In the above circumstances the impingement jet pressure ratio is virtually fixed along with the quantity of coolant that can be presented across the apertures 44, 46 for a given design of aerofoil in a blade 41. The level of transferred coolant air through the jets or apertures 44, 46 is therefore also virtually fixed unless pressure can be increased to the blade. Unfortunately, increasing the pressure to the blade can only be achieved at the expense of engine performance and is limited due to increased leakage (FIG. 2) and work extraction pumping the air up the front face of the disc to the blade feed passage 43. As can be seen in FIG. 3 the apertures 44 are generally angled with respect to the feed passage flow in such a manner that a proportion of the dynamic pressure head in addition to the static pressure is utilised to drive an impingement flow A across the cavities 45 to the apertures 46. Such an approach helps maximise available pressure ratio across to the apertures or jets 44. It will be appreciated that the inflows to cavity 45 through the apertures 44 must equal the outflow from that cavity through the outlet apertures 46.

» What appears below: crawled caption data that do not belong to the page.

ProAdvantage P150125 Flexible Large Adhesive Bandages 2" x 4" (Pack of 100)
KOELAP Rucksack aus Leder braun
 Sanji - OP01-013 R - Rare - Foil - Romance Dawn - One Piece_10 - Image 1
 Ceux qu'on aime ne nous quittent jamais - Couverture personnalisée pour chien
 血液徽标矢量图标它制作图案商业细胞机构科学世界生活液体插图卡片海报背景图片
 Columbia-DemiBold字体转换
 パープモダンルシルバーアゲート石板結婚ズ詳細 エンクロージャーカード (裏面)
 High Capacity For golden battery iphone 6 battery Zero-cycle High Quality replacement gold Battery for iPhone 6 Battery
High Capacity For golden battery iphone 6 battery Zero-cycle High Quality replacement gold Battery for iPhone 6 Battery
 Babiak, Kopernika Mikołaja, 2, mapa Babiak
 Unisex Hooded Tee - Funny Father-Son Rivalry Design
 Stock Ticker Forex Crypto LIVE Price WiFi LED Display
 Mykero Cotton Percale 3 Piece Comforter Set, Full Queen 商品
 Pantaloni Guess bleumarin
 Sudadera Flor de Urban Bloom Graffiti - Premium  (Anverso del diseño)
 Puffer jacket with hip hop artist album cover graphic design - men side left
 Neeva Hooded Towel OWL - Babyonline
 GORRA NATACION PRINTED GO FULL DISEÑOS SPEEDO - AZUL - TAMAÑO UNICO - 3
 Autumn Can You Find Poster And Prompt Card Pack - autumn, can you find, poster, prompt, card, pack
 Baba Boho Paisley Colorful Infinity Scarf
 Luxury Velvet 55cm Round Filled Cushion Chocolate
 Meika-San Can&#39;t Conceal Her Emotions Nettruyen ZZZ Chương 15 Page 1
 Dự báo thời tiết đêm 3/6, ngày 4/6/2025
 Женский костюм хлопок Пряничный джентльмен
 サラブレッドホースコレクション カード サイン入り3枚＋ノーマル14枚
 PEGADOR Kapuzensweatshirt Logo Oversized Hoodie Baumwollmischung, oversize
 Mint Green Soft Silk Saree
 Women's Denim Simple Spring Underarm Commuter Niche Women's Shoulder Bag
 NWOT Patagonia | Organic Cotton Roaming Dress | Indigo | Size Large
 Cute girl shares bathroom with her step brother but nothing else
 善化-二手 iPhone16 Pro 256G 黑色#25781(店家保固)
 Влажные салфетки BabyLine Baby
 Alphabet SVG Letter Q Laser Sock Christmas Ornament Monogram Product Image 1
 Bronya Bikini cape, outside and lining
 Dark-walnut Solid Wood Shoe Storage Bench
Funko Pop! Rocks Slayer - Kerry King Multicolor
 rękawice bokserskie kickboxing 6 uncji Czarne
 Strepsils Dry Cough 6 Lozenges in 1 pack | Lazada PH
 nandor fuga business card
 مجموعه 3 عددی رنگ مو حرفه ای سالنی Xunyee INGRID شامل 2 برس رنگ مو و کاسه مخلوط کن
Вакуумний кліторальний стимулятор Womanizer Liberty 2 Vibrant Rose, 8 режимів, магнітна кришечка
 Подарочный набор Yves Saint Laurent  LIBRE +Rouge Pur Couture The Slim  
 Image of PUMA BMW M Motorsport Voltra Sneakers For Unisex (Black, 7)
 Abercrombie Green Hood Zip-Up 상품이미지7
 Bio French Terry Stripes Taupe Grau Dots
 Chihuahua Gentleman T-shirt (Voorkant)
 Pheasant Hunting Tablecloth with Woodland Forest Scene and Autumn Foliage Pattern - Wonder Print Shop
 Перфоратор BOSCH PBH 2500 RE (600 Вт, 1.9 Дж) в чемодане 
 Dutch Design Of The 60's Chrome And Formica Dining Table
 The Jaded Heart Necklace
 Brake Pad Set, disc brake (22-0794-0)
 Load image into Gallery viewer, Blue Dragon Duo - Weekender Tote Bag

In FIG. 3 the pressure in the feed passage 43 will generally increase as it flows up the blade from root to tip due to a centrifugal effect of rotation. In such circumstances, rotation provides a pumping effect which results in the feed pressure being higher at the entrance to the apertures 44 at the outer parts 44c compared to the feed pressure for the inner cavities 45 through inner apertures 44a and 44b. Furthermore, the external static pressure distribution also rises from the root to the tip of the blade but not as much as that internal pressure and consequently the pressure ratio across the apertures 44 rises from the root to the tip up the leading edge of the blade 41. Such increases in the pressure ratio will lead to levels of impingement heat transfer which also rise further up the leading edge of the blade 41. However, the heat load experienced by the blade 41 leading edge generally peaks at approximately mid span due to the radial gas temperature distribution originating from the combustor. This heat distribution is difficult to accommodate with previous cooling arrangements.
It will also be appreciated that in addition to the effects described above radial stress distribution will tend to be higher at the root sections and lower at the tip sections of the blade 41 due to the centrifugal loading on the aerofoil of the blade 41. Therefore, there is typically a need to cool the lower and mid portion of the aerofoil of the blade 41 more than the tip to retain structural integrity. However, as indicated, the internal cooling due to the pressure differential as a result of rotation is generally more effective at the tip of the blade 41.